At this stage in his engineering career, John Melanson (ElEngrCompSci'74) is well aware of how people might view him.

“The stereotype would be ‘now you’re an old engineer, and you do things the same way you always have,’” he said. “I never suffered from that. I never found something that I wanted to do the same way.”

That could be why he just hit a huge milestone: 500 patents, putting Melanson among the.

Many of those patents are in the field of audio and electronics, particularly in analog-to-digital signal processing technologies that are instrumental in today’s digital devices. Titled “Driver Circuitry and Operation,” his 500th patent was granted on June 21. He also has 68 pending U.S. patent applications.

Melanson has spent 30 years as an engineer with Cirrus Logic, which he joined when it purchased AudioLogic, a company he co-founded. He credits Cirrus Logic with providing the space for him to continue to be creative and explore new ways of doing things.

“We’ve developed a good attitude toward each other,” Melanson joked. “I go find something interesting to work on, and they've decided, ‘Well, whatever John's doing, it’s hopefully of some use to us, so we'll let him.’”

He also enjoys mentoring the next generation of engineers at Cirrus Logic.

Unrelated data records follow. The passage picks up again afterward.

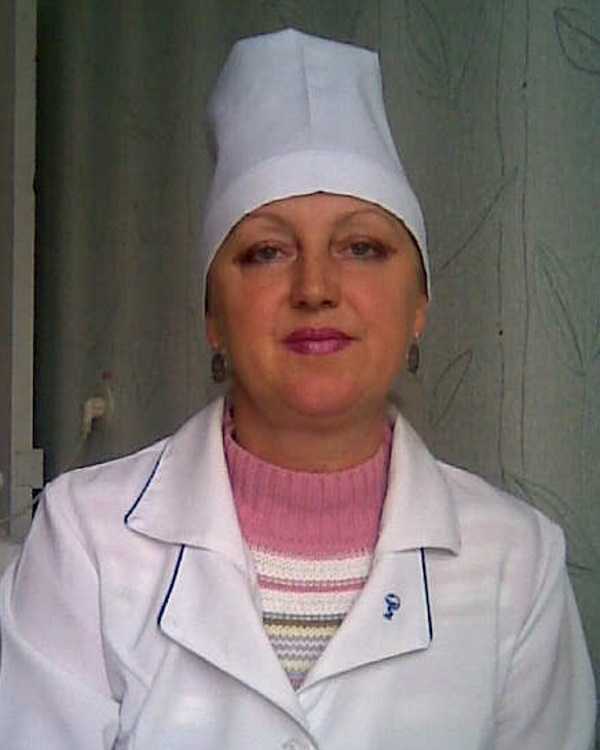 Погребняк Ліліана Петрівна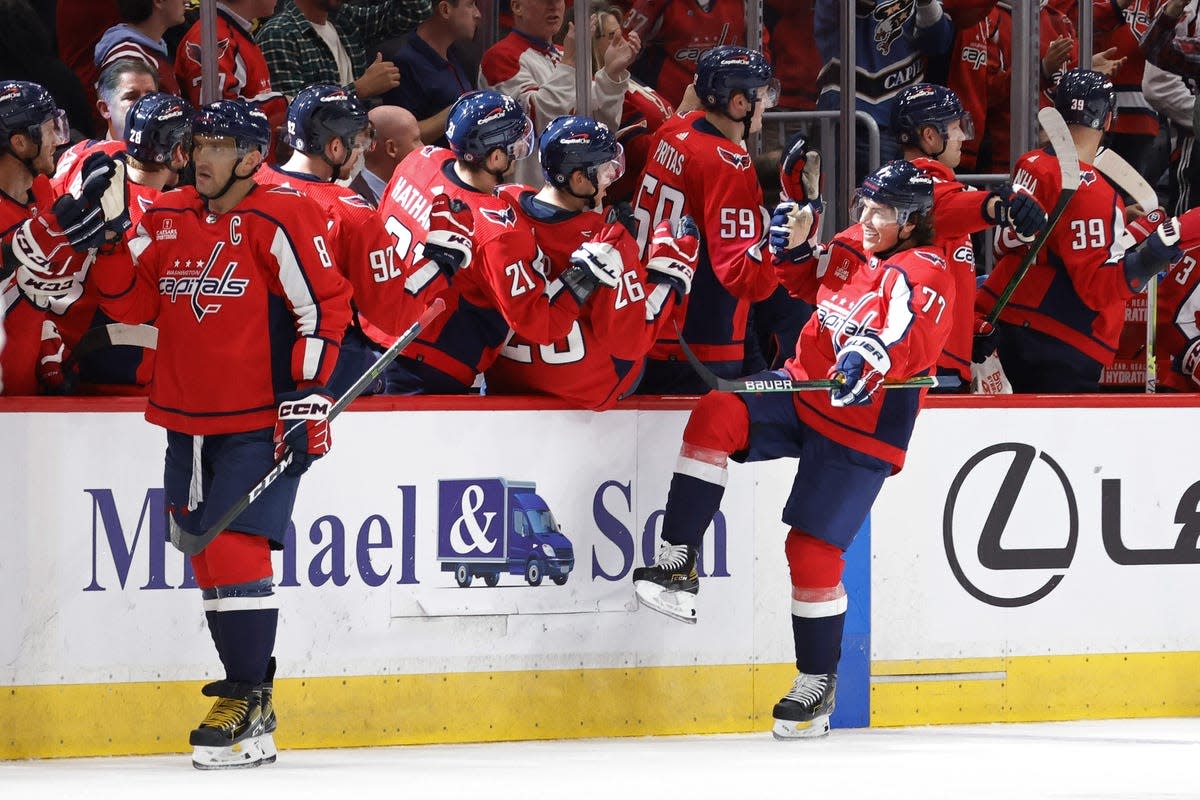 Washington Capitals vs. Vancouver Canucks: Live Stream, TV Channel, Start Time | 10/17/2022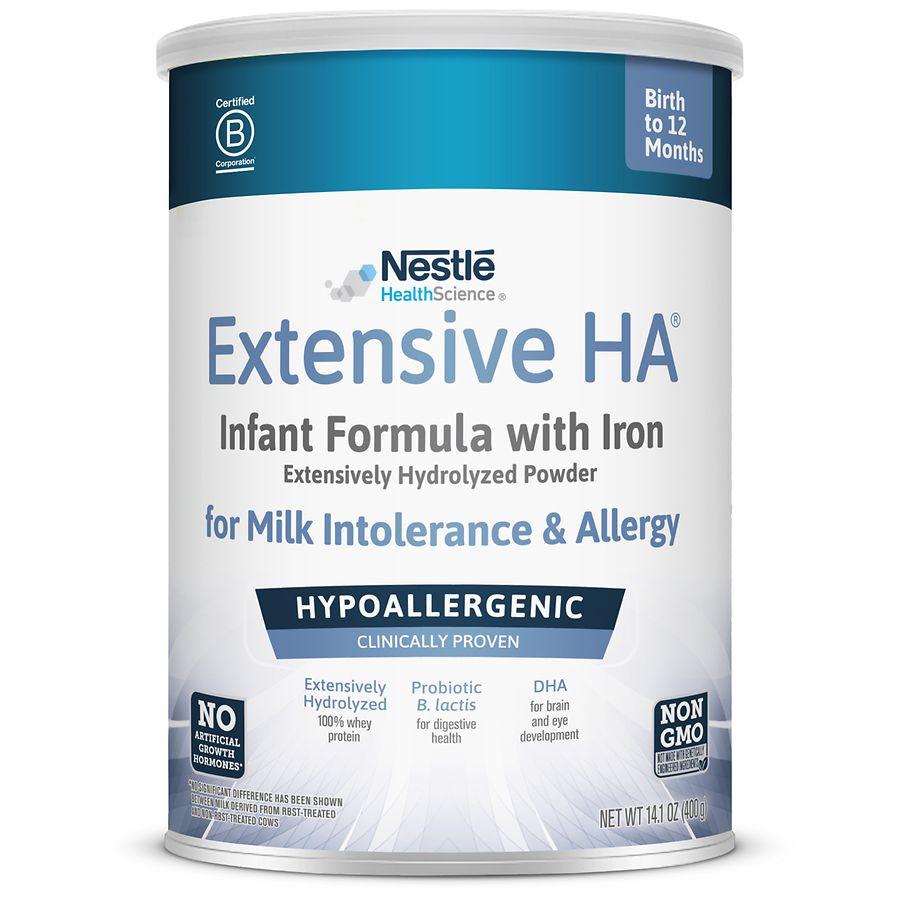 Gerber Extensive HA Hypoallergenic Infant Formula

“I love working with young engineers,” Melanson said. “I love working with people that have challenging ideas and different ways to do things and feeling a part of that.”

He credits CU Boulder with putting him on the path to a successful engineering career. Growing up in Boulder, Melanson was always making things — or unmaking them.

“Our neighbor was a chemistry department head, and I tried to go get chemicals that no young boys should be allowed to put their hands on,” he said. “I was always trying to make something that burned, blew up or caused a pretty fire.”

While a student at Fairview High School, he loved his math classes, had a summer programming job at the National Institute of Standards and Technology — where his dad worked — and ran a side business repairing teletype machines. But when it came time for college, he said he wasn’t the kind of student most admissions departments were looking for.

“CU did some really good things for me because they basically let me in when I was not really admissible anywhere,” Melanson said.

He said he’s grateful for professors like Dick Roberts, who saw his potential and allowed him to take a flexible approach to course requirements.

“I got good grades for the first time in my life, and I really, really studied and really liked it, so it was a good environment for me,” Melanson said.

Some of those professors became long-term friends and provided advice as Melanson was starting his first company, NBI, in 1972. His next company would evolve into digital audio companies that would become AudioLogic, which was Cirrus Logic’s first audio customer in 1986.

Melanson’s father also played a unique role in his professional pursuits.

“His hearing had been damaged, and I've been interested in how hearing works and how human perception works,” he said. “Here was somebody who had damaged hearing and could describe to me what he was hearing, who knew what frequencies and sine waves and this technical gobbledygook meant. He was retired and had infinite time to answer my questions about what things sounded like when I changed them and processed them.”

During his time at Cirrus Logic, Melanson has split his time between Austin, Texas, and a home in Estes Park, Colorado. Recently, he bought a home in Larkspur, Colorado, but the move proved challenging, thanks to all of his hobby equipment. Rolling mills, oxyacetylene torches, a 1,000-pound band saw, 5-horsepower table saw — you get the picture.

Melanson calls engineering the “best career you could ever have.”

“It's fun – you get to work on neat and interesting things,” he said. “When you get done with that, you get to work on something else.”

So what has Melanson always wanted to tackle, but hasn’t gotten a chance to yet?

“Something will probably come up this afternoon.”